(Data records)

*** Begin section ***

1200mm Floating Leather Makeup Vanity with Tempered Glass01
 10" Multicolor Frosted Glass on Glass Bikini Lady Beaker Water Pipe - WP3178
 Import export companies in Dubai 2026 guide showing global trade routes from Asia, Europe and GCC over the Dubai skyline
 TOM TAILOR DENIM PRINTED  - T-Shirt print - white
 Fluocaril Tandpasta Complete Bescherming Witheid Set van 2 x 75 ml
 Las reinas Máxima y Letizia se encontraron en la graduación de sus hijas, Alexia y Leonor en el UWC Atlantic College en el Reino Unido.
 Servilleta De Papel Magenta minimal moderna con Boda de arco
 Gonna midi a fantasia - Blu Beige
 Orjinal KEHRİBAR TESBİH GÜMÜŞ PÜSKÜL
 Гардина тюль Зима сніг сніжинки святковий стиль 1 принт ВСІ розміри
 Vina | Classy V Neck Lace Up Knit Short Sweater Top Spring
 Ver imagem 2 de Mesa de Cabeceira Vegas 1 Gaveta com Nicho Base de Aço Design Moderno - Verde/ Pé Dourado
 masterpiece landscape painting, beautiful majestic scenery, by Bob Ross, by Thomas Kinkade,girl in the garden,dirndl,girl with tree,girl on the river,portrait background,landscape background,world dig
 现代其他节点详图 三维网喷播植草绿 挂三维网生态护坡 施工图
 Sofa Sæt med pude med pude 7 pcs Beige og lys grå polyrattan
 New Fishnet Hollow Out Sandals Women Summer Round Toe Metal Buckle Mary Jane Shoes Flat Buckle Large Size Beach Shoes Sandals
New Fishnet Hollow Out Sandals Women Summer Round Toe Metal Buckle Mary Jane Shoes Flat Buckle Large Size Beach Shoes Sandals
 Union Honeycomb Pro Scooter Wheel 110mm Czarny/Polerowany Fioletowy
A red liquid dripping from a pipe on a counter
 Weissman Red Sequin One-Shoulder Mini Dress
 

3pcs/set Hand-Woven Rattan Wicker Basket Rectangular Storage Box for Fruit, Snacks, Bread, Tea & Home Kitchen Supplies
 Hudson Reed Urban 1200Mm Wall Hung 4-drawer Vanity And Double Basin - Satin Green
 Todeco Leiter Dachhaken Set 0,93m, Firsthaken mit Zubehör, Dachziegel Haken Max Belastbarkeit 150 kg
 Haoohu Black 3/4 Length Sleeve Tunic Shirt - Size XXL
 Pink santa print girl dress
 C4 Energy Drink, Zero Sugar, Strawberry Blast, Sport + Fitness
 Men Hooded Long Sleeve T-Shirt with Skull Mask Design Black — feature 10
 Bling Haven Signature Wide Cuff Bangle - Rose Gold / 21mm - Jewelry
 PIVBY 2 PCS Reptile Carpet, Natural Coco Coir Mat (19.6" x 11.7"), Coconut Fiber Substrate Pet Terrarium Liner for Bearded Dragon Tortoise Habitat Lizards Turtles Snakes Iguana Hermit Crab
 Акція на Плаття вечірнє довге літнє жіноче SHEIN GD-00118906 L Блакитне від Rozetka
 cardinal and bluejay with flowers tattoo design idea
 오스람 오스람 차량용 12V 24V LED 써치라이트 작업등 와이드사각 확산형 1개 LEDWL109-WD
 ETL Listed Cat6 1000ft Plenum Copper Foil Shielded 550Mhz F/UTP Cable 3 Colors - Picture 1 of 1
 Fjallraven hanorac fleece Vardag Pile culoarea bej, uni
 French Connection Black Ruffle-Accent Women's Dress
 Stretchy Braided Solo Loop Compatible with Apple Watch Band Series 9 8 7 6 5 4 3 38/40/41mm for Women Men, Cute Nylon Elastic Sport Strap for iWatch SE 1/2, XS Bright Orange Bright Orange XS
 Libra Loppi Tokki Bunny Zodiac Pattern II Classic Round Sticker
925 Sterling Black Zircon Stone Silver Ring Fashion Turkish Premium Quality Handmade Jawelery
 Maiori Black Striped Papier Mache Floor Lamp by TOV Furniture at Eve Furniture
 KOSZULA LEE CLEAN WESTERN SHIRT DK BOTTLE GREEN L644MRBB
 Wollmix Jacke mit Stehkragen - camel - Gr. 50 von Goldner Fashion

*** End section ***

* _Directions_:
Word for word, transcribe all of the records.

* _Result_:
1200mm Floating Leather Makeup Vanity with Tempered Glass01
 10" Multicolor Frosted Glass on Glass Bikini Lady Beaker Water Pipe - WP3178
 Import export companies in Dubai 2026 guide showing global trade routes from Asia, Europe and GCC over the Dubai skyline
 TOM TAILOR DENIM PRINTED  - T-Shirt print - white
 Fluocaril Tandpasta Complete Bescherming Witheid Set van 2 x 75 ml
 Las reinas Máxima y Letizia se encontraron en la graduación de sus hijas, Alexia y Leonor en el UWC Atlantic College en el Reino Unido.
 Servilleta De Papel Magenta minimal moderna con Boda de arco
 Gonna midi a fantasia - Blu Beige
 Orjinal KEHRİBAR TESBİH GÜMÜŞ PÜSKÜL
 Гардина тюль Зима сніг сніжинки святковий стиль 1 принт ВСІ розміри
 Vina | Classy V Neck Lace Up Knit Short Sweater Top Spring
 Ver imagem 2 de Mesa de Cabeceira Vegas 1 Gaveta com Nicho Base de Aço Design Moderno - Verde/ Pé Dourado
 masterpiece landscape painting, beautiful majestic scenery, by Bob Ross, by Thomas Kinkade,girl in the garden,dirndl,girl with tree,girl on the river,portrait background,landscape background,world dig
 现代其他节点详图 三维网喷播植草绿 挂三维网生态护坡 施工图
 Sofa Sæt med pude med pude 7 pcs Beige og lys grå polyrattan
 New Fishnet Hollow Out Sandals Women Summer Round Toe Metal Buckle Mary Jane Shoes Flat Buckle Large Size Beach Shoes Sandals
New Fishnet Hollow Out Sandals Women Summer Round Toe Metal Buckle Mary Jane Shoes Flat Buckle Large Size Beach Shoes Sandals
 Union Honeycomb Pro Scooter Wheel 110mm Czarny/Polerowany Fioletowy
A red liquid dripping from a pipe on a counter
 Weissman Red Sequin One-Shoulder Mini Dress
 

3pcs/set Hand-Woven Rattan Wicker Basket Rectangular Storage Box for Fruit, Snacks, Bread, Tea & Home Kitchen Supplies
 Hudson Reed Urban 1200Mm Wall Hung 4-drawer Vanity And Double Basin - Satin Green
 Todeco Leiter Dachhaken Set 0,93m, Firsthaken mit Zubehör, Dachziegel Haken Max Belastbarkeit 150 kg
 Haoohu Black 3/4 Length Sleeve Tunic Shirt - Size XXL
 Pink santa print girl dress
 C4 Energy Drink, Zero Sugar, Strawberry Blast, Sport + Fitness
 Men Hooded Long Sleeve T-Shirt with Skull Mask Design Black — feature 10
 Bling Haven Signature Wide Cuff Bangle - Rose Gold / 21mm - Jewelry
 PIVBY 2 PCS Reptile Carpet, Natural Coco Coir Mat (19.6" x 11.7"), Coconut Fiber Substrate Pet Terrarium Liner for Bearded Dragon Tortoise Habitat Lizards Turtles Snakes Iguana Hermit Crab
 Акція на Плаття вечірнє довге літнє жіноче SHEIN GD-00118906 L Блакитне від Rozetka
 cardinal and bluejay with flowers tattoo design idea
 오스람 오스람 차량용 12V 24V LED 써치라이트 작업등 와이드사각 확산형 1개 LEDWL109-WD
 ETL Listed Cat6 1000ft Plenum Copper Foil Shielded 550Mhz F/UTP Cable 3 Colors - Picture 1 of 1
 Fjallraven hanorac fleece Vardag Pile culoarea bej, uni
 French Connection Black Ruffle-Accent Women's Dress
 Stretchy Braided Solo Loop Compatible with Apple Watch Band Series 9 8 7 6 5 4 3 38/40/41mm for Women Men, Cute Nylon Elastic Sport Strap for iWatch SE 1/2, XS Bright Orange Bright Orange XS
 Libra Loppi Tokki Bunny Zodiac Pattern II Classic Round Sticker
925 Sterling Black Zircon Stone Silver Ring Fashion Turkish Premium Quality Handmade Jawelery
 Maiori Black Striped Papier Mache Floor Lamp by TOV Furniture at Eve Furniture
 KOSZULA LEE CLEAN WESTERN SHIRT DK BOTTLE GREEN L644MRBB
 Wollmix Jacke mit Stehkragen - camel - Gr. 50 von Goldner Fashion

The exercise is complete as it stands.